# Task item
I'd like the full listing transcribed exactly, with no images included.

# Data shown

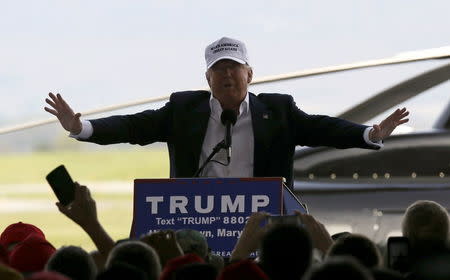 Republican U.S. presidential candidate Donald Trump speaks in front of his personal helicopter at a campaign rally in an airport hangar two days before the Maryland presidential primary election at the airport in Hagerstown, Maryland, U.S. April 24, 2016. REUTERS/Jim Bourg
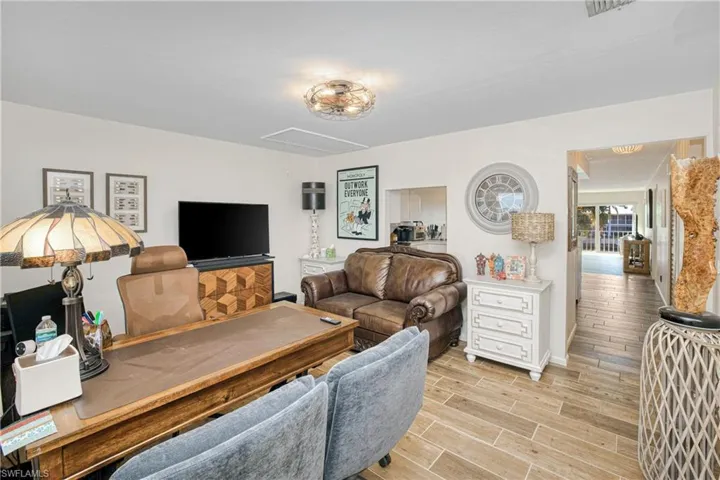Living area with attic access and wood tiled floors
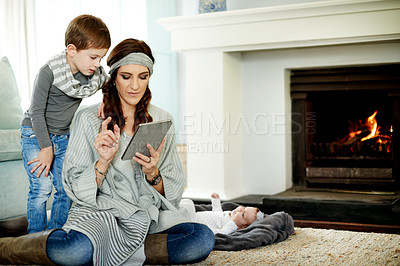 Buy stock photo Tablet, mother and children in home for learning, storytelling or bonding with app on internet. Technology, kids and parent with online education, reading ebook or relax at fireplace with family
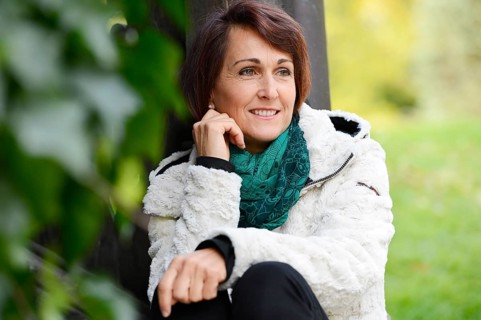 Smiling woman sitting outdoors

# Response to this task
 Republican U.S. presidential candidate Donald Trump speaks in front of his personal helicopter at a campaign rally in an airport hangar two days before the Maryland presidential primary election at the airport in Hagerstown, Maryland, U.S. April 24, 2016. REUTERS/Jim Bourg
Living area with attic access and wood tiled floors
 Buy stock photo Tablet, mother and children in home for learning, storytelling or bonding with app on internet. Technology, kids and parent with online education, reading ebook or relax at fireplace with family
 Smiling woman sitting outdoors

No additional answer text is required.